_Data provided_
◆ ◆ ◆ ◆ ◆

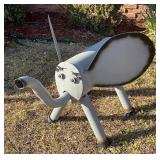 Metal Elephant Yard Art Sculpture with Gray Finish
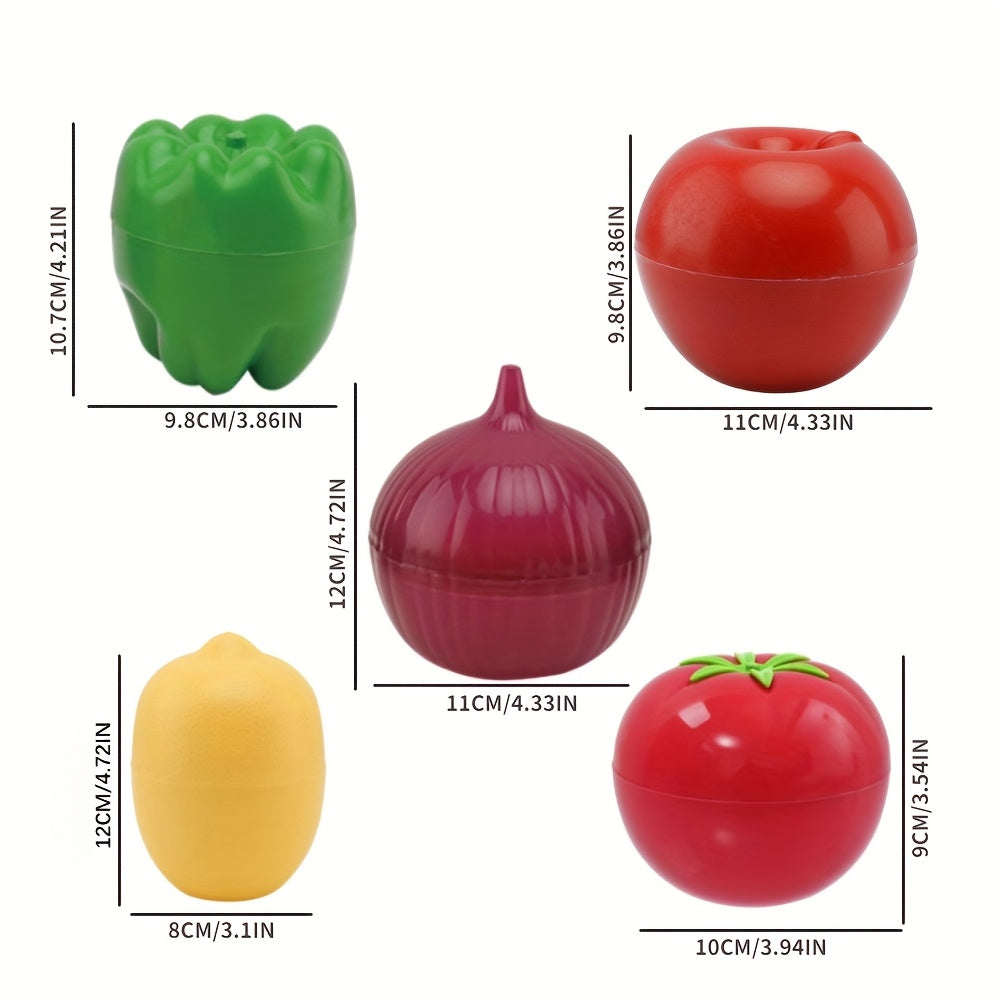 5pcs Fruit Shaped Food Savers – Reusable, Flip Top
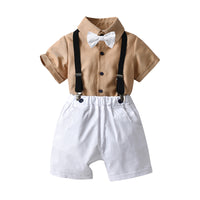 Load image into Gallery viewer, 2 Pieces Set Baby Kid Boys Dressy Solid Color Bow Shirts And Rompers Wholesale 22053182

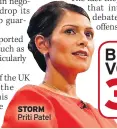  ??  ?? STORM Priti Patel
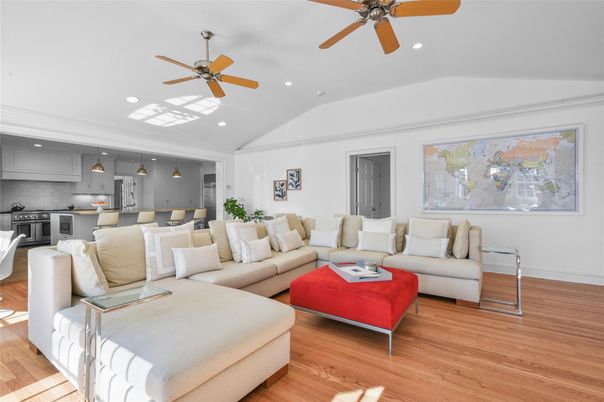 Interior, Kitchen, Living room, Pendant Lights, Recessed Lighting, Stainless Steel Appliances, Wood Texture Flooring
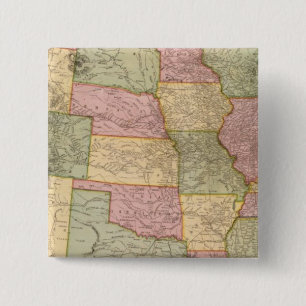 Macaron Carré 5 Cm Nouvelle carte ferroviaire des États-Unis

◆ ◆ ◆ ◆ ◆

_Activity_
Leave out all pictures and retype precisely the lines that run from the line containing "STORM Priti Patel" to the last line of the records.

_Answer to this task_
  ??  ?? STORM Priti Patel
 Interior, Kitchen, Living room, Pendant Lights, Recessed Lighting, Stainless Steel Appliances, Wood Texture Flooring
 Macaron Carré 5 Cm Nouvelle carte ferroviaire des États-Unis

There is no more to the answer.